No significant circularity in the derivation chain.

full rationale

The paper introduces a differential operator to implement the pointed alien derivative on the topological string partition function and demonstrates that the generated algebra is isomorphic to the Kontsevich-Soibelman Lie algebra, linking resurgence to DT wall-crossing. This is supported by explicit Borel analysis and numerical matches of Stokes constants to DT invariants for the quintic and local P2 cases, including identification of D4 and D2-brane contributions. No step reduces by construction to a fitted parameter, self-defined relation, or load-bearing self-citation; the central isomorphism is presented as following from the operator's action on the partition function and its derivatives, with independent content from the resurgence asymptotics and external DT predictions.
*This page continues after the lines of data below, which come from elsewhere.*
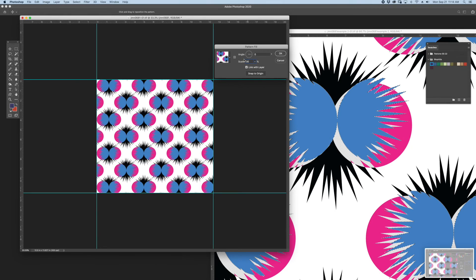I normally don't use these pattern fills as my final file. I usually only use the pattern fills as a means to visualize the artwork.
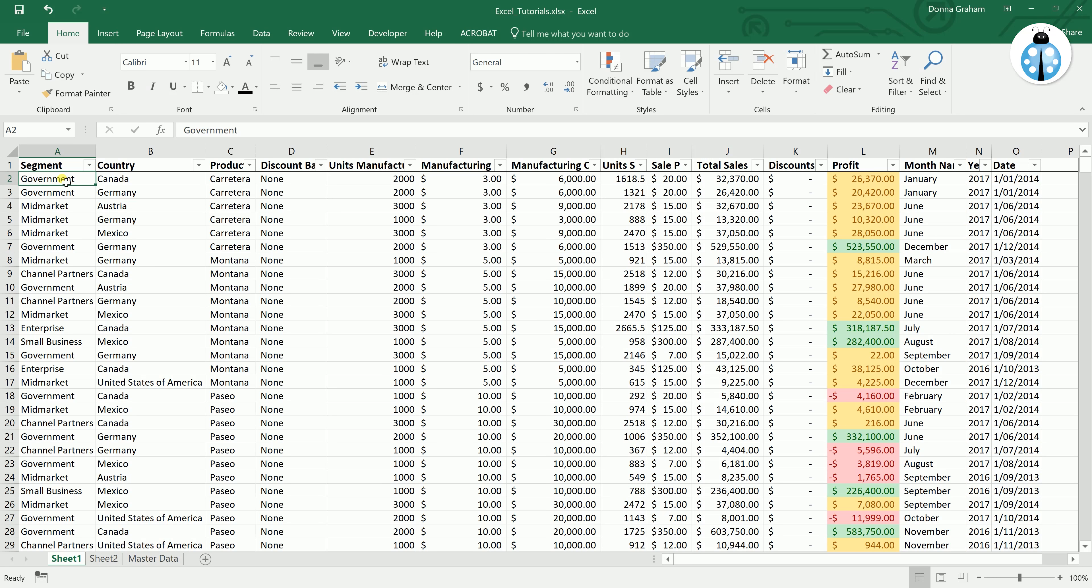In this video we are going to look at using the VLOOKUP formula in Excel and show you how it can be used to match information in a cell against information from another area.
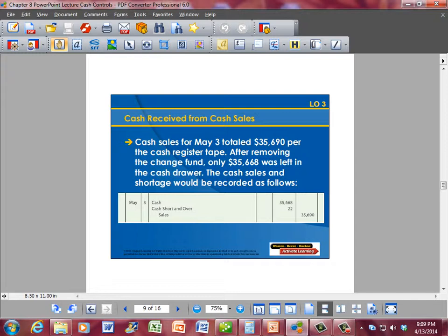For instance, cash sales for May 3rd totaled $35,690 per the cash register tape. After removing the change fund, only $35,668 was left in the cash drawer, meaning that the cash register was short. The cash sales and shortage would be recorded as follows: debit Cash for $35,668, debit Cash Short and Over for $22, and credit Sales for $35,690. By debiting Cash Short and Over, we are indicating that there is a negative or short amount.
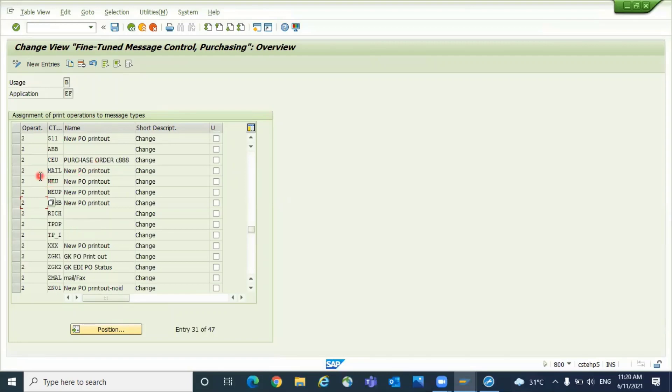If you don't assign for a change, that output type will not be triggered during changing. If you have an entry here, system will change it. If you have an entry here, system will automatically trigger the output type during your changes.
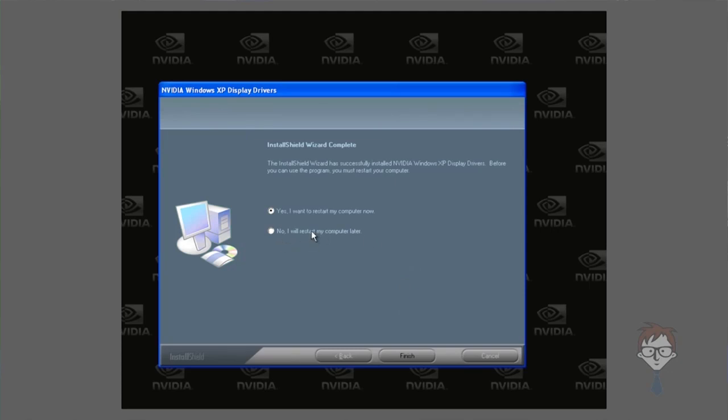When it's done, it will ask you if you want to reload the PC. Restarting the PC will allow the driver installation to complete and will give you full functionality of the video card if the driver you downloaded was for your product.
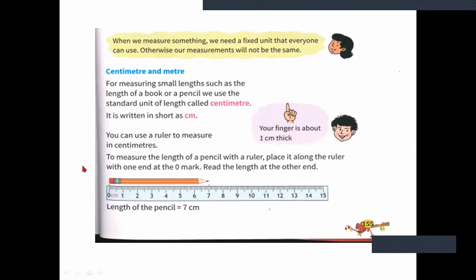Always remember: the fixed point means you start at zero on the scale. In this ruler, start with zero — and where it ends, that is the measurement. So if it ends at 7, it is 7 cm long. The standard unit of length is centimeter, written as cm.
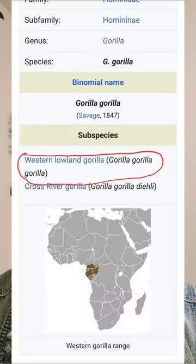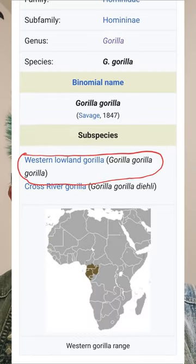Also, the same goes for the gorilla — the western lowland gorilla is 'gorilla gorilla gorilla,' as you can see in this screenshot. Isn't that fun?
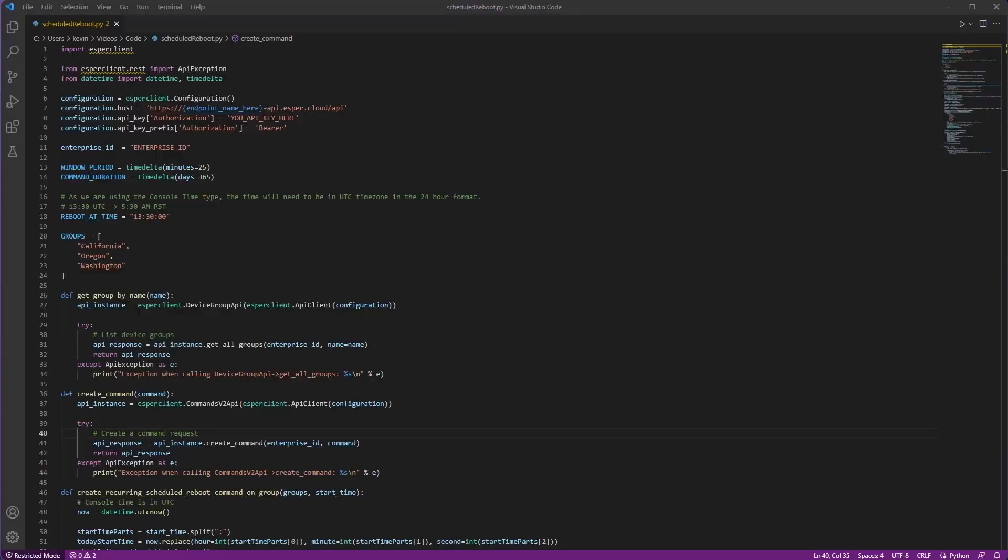Now for the fun part. We'll go to Visual Studio and showcase our code. A file will be made available in the video description with this code if you would like to try it yourself. This Python script will target 250 devices in our three groups and add a daily reboot schedule for 5:30 AM.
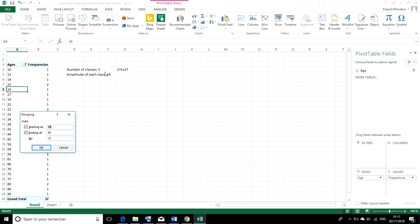And to get the 5 classes, we need to have the amplitude of each class has to be 16. When we talk of amplitude of each class, the differences between the upper class boundary and the lower class boundary of each class has to be 16.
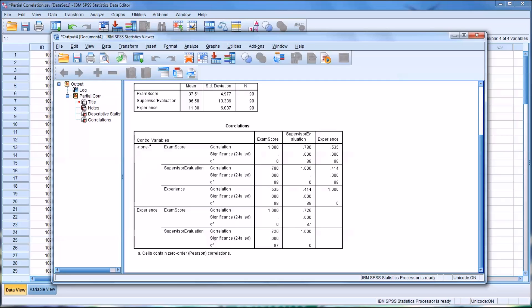I hope you found this video on using partial correlations in SPSS to be helpful. As always, if you have any questions or concerns, feel free to contact me, and I'll be happy to assist you.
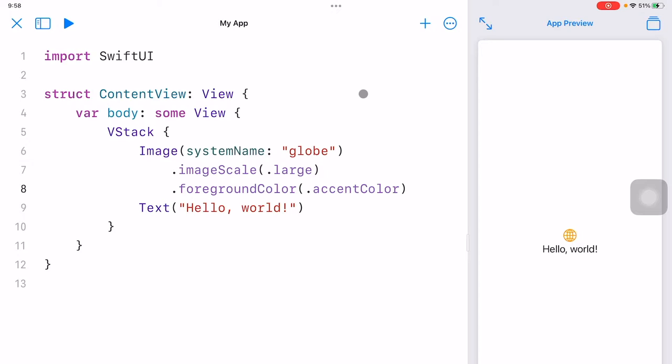Hello students. In this video, we are going to learn how to display an image in SwiftUI.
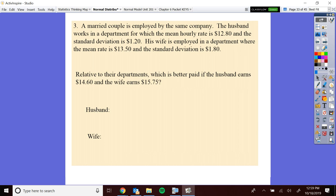So what we're going to do today is just refresh our memory on that first. Find in your notes, I think on page five, the slide that talks about this married couple employed by the same company, but the husband and the wife earn different amounts of money hourly. We're interested in saying, relative to their departments — yes, the wife earns more, $15.75 an hour, and he earns $14.60 an hour — but relative to peers in their respective departments, who is higher up? Review that and come up with what you got. Try that now.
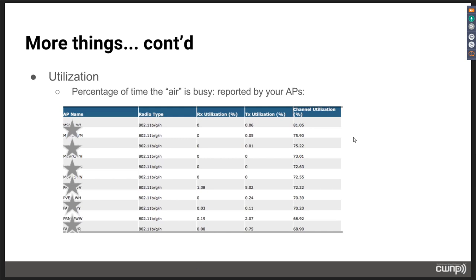Utilization: Wi-Fi is a simplex technology with limited air time. The rule of thumb is that if you're above 70% utilization, you'll start to feel the heat — there won't be many opportunities to transmit packets with all the management overhead added in. You want to watch utilization and keep it as low as possible. For example, seeing 81.05% utilization on an AP means that AP basically can't function on that network — it would be better for your users to turn it off.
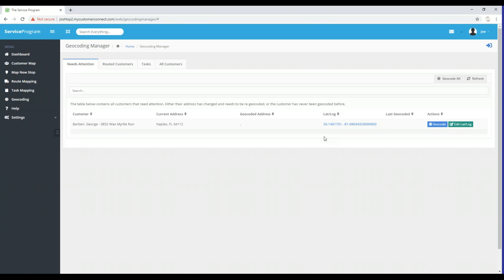So that's it for going over geocoding through the web mapping application. Stick around for the following video where we get into route mapping.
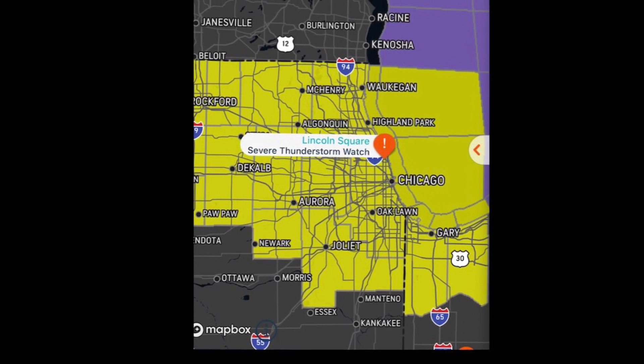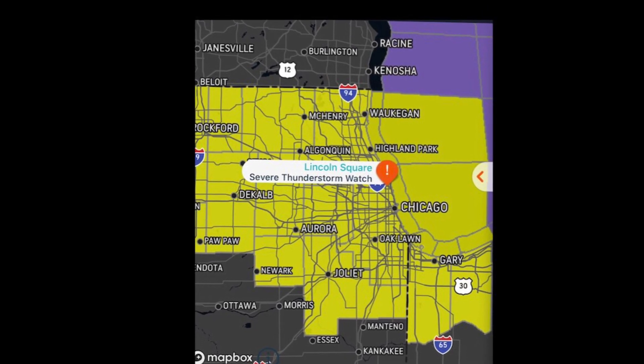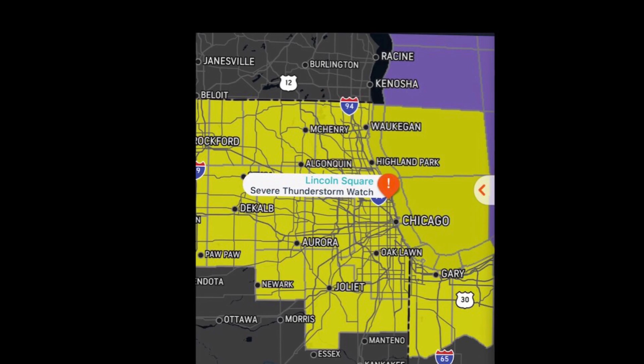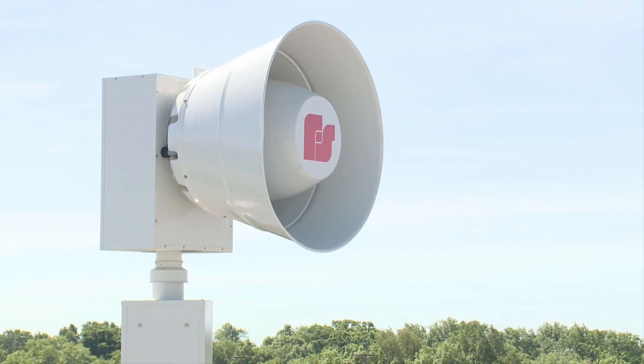Hello, today's video is about how to understand a tornado siren and its two basic tones. There is a severe thunderstorm risk today in our area with a chance of tornadoes.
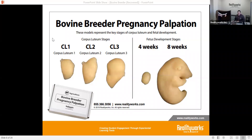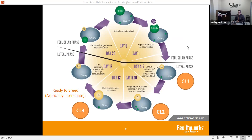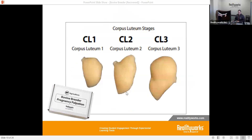Here we have the different options for corpus luteum stages and fetal development stages. The corpus luteum allows you to test if the cow is ready to be inseminated with CL1, CL2, and CL3 based on what you put in. These examples of CL1, CL2, and CL3 are blown up here in the photo, giving you an understanding of what they look like and the texture and size for this product.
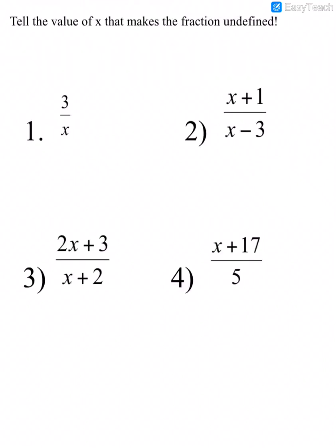So to practice, we're going to determine what values of x would make the fraction undefined. When we look at number 1, we're asking ourselves what could I plug in for x in this fraction that would cause the fraction to be undefined? The only value that I could plug in for x that would make the fraction undefined would be 0. If I plugged 0 in for x, my denominator would be 0 and therefore my fraction would be undefined.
Axiom & Free-Parameter Ledger

0 free parameters · 1 axioms · 0 invented entities

Only abstract available; the central construction assumes the topological string partition function admits a well-defined resurgence structure with Borel singularities corresponding to physical instantons and bound states.

axioms (1)
  • domain assumption The topological string partition function admits a resurgence structure whose Borel singularities correspond to instanton contributions and bound states of D-branes.
    Required to define the action of the alien derivative operator and to interpret the numerical singularities.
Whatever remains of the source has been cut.